Le 22 mai 2008
        La loi dispose, le contrat stipule...
 

Toujours fidèle au bonjour quotidien de "Monsieur Dico" dans « La Libre Belgique », dont le billet de mardi dernier portait sur le mauvais anglicisme que constitue l'usage erroné du terme "provision" en lieu et place du terme "disposition", j’ai sursauté en lisant : « J’ajoute, quant à moi, qu’on pourrait aussi employer stipulation ou clause, ce dernier mot étant fort prisé au Québec, qui surveille de près l’entrée des mots en provenance de leur grand voisin américain » !

Jacques Mercier me permettra de ne pas marquer accord sur cette analogie entre « disposition » d’une part, et « stipulation » ou « clause » de l’autre.

« La loi dispose, le contrat stipule », enseignait-on de mon temps à la Faculté de droit : seule se stipule une condition, stipuler signifiant en droit romain, contracter par la paille.

J’ai voulu vérifier l’exactitude de mon souvenir dans les dictionnaires que j’ai sous la main, et au « Lexique des termes juridiques » (15ème éd.) publié en 2005 aux Editions Dalloz.

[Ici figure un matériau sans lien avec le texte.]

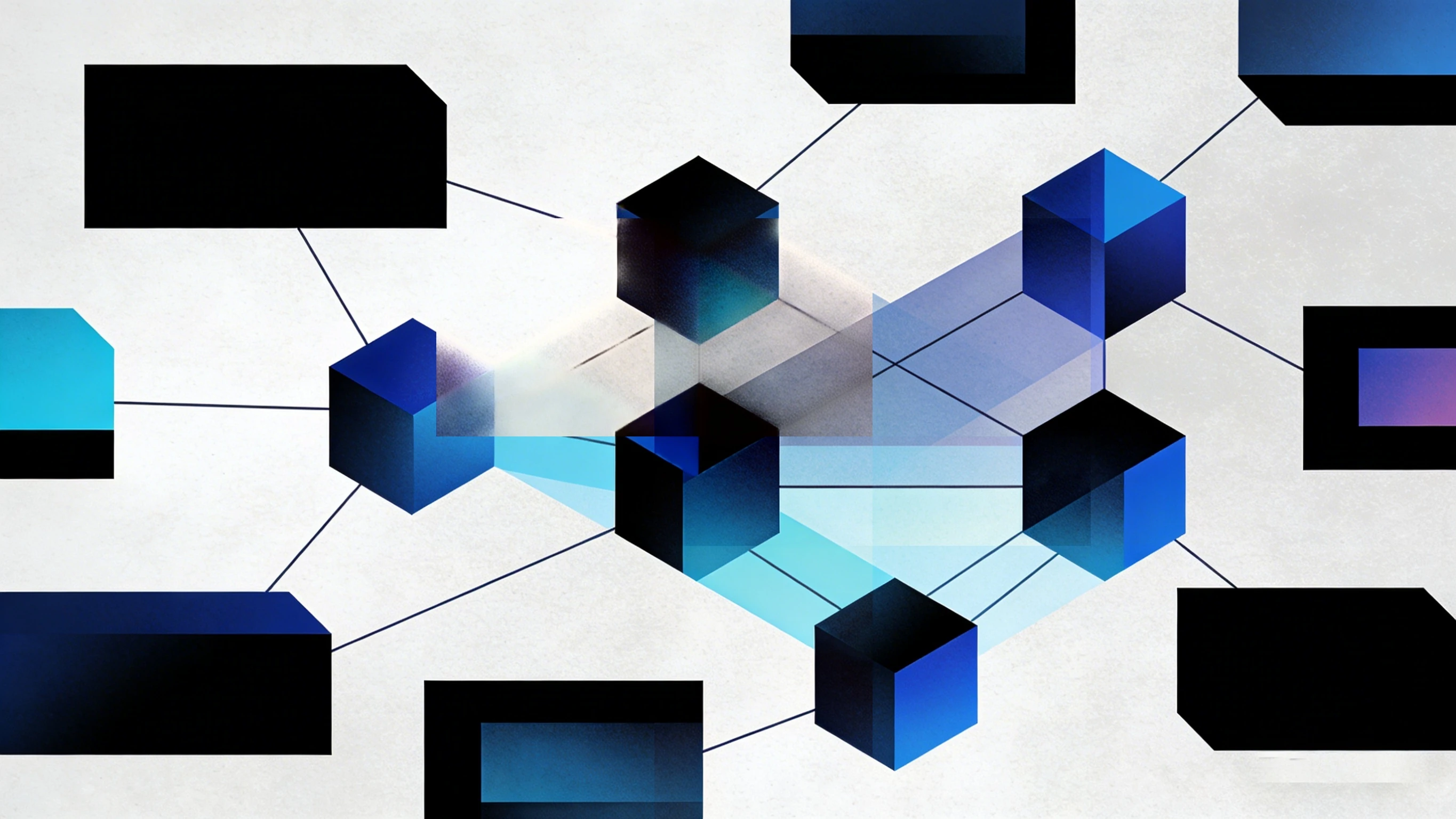 Compliance & Integrity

Le terme « disposition » n’y est pas défini, mais il l’est dans le Robert : « Point que règle un acte juridique, une loi ». Le Lexique vise cependant la « disposition à titre gratuit », soit le « transfert d’un bien au profit d’un tiers avec une intention libérale, soit par donation entre vifs, soit par testament ». La disposition peut donc être déposée dans un acte privé, comme dans une loi.

La « stipulation » en revanche y est définie comme étant l’« expression de la volonté énoncée dans une convention. Le législateur dispose et les parties stipulent », précise ce lexique.

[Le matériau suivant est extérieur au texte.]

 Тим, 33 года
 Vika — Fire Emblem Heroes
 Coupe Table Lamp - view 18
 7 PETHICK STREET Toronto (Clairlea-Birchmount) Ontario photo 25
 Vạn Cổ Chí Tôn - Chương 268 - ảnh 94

Dans Le style des jugements, précis savant publié en 1970 aux Editions techniques, Pierre Mimin, membre correspondant de l’Institut et Premier Président Honoraire de la cour d’appel d’Angers (que la page de couverture mentionne avec des initiales majuscules, alors qu’il y a plusieurs cours d’appel en France, comme chez nous !), retoque (page 41) un début d’arrêt selon lequel « il est constant que la loi du 2 juillet 1931 stipule …. ». « Historiquement, écrit Mimin, il n’y a de stipulation que par contrat : une loi ne stipule pas. Grammaticalement, un acte stipule toujours quelque chose ; il faut un régime direct. Seule une personne pourrait dire qu’elle stipule pour quelqu’un. Un jugement n’est pas un contrat.


 

 

 

Donc le juge non plus ne stipule pas » poursuit-il en corrigeant un tribunal qui prétendait avoir stipulé dans un jugement antérieur. En note au bas de la page 89 du même ouvrage, il est encore écrit que « la loi a stipulé » peut être remplacé par « la loi a spécifié ».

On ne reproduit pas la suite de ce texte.